* [SPDK] SCST Usermode iSCSI Storage Server now handles Intel SPDK backing storage
@ 2017-09-05 7:25 David Butterfield
0 siblings, 0 replies; 4+ messages in thread
From: David Butterfield @ 2017-09-05 7:25 UTC (permalink / raw)
To: spdk
[-- Attachment #1: Type: text/plain, Size: 2493 bytes --]
The SCST Usermode iSCSI Storage Server can now utilize backing storage through
the Intel Storage Performance Development Kit (SPDK) API.
The SCST Usermode Server is a port of about 80 KLOC of the SCST Linux kernel
software to run entirely in usermode on an unmodified kernel, with virtually
no change to the existing SCST source code.

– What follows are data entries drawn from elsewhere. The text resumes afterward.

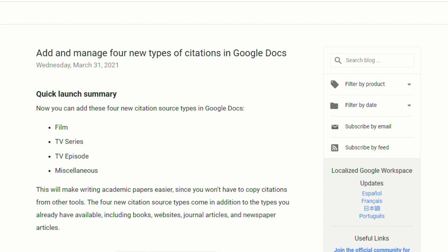So now, instead of just being able to cite from books, websites, journal articles, and newspaper articles, you'll be able to cite from films, TV series, TV episodes, as well as miscellaneous sources.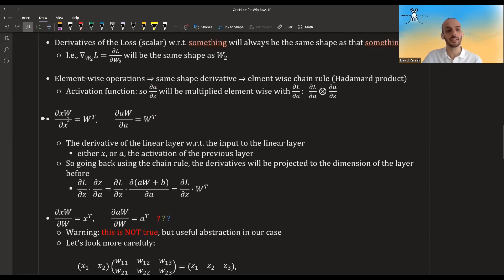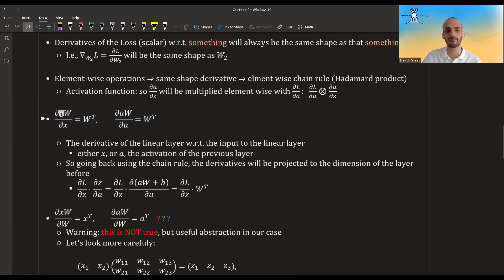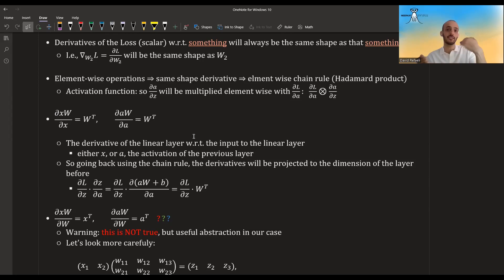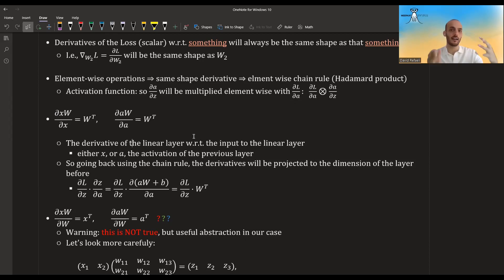Another rule: if I have a row vector times a matrix and take the derivative with regards to the row vector, it gives me the transpose of that matrix. This applies whether we're looking at x's or activations. As we go deeper into the neural network, our inputs to the next linear layers will be the activations from the previous layer, so we treat the a's as if they were the x's — the inputs to the new layers.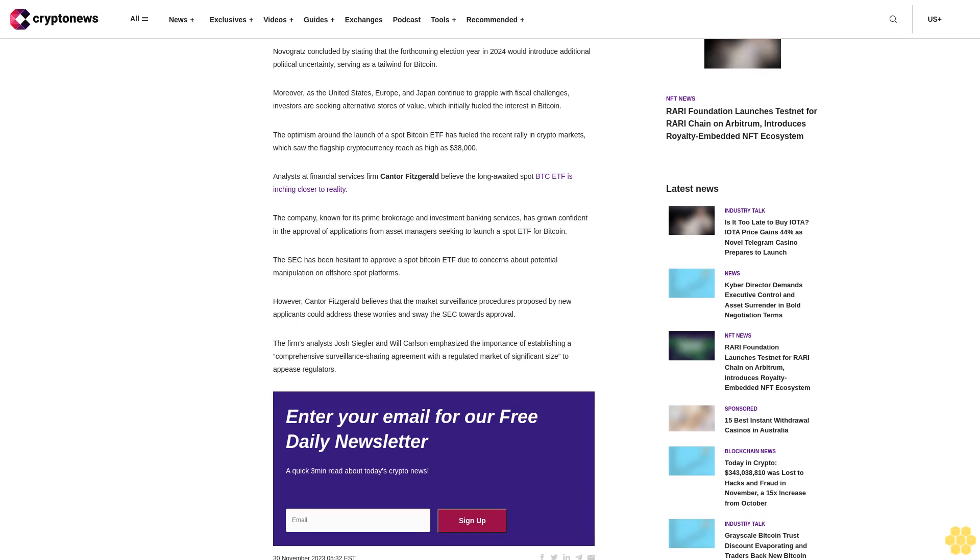The firm's analysts, Josh Siegler and Will Carlson, emphasize the importance of establishing a comprehensive surveillance-sharing agreement with a regulated market of significant size to appease regulators.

The diagram on the left side of this PDF page compares the usual kernel-based
SCST configuration [blue box] with the configuration adapted for usermode
[purple box]
https://github.com/DavidButterfield/SCST-Usermode-Adaptation/blob/usermode/usermode/scstu_tcmur.pdf
The diagram on the right side of that page illustrates the datapath from
Initiator to backing storage API -- showing paths through LIO (in-kernel), and
through Usermode SCST [purple box]. The Usermode SCST server can access
backing storage through any of these interfaces: preadv(2) and pwritev(2),
aio(7), or the tcmu-runner backstorage API [red arrow].
The tcmu-runner backstorage API is a usermode interface point between the
kernel-based LIO facility and usermode backstore-specific handlers. The
tcmu-runner project implements backstore handlers for Ceph/rbd, Gluster/glfs,
and QEMU/qcow [green box]. I have re-used that same API for Usermode SCST so
that it can make use of those same backstore handlers [red arrow].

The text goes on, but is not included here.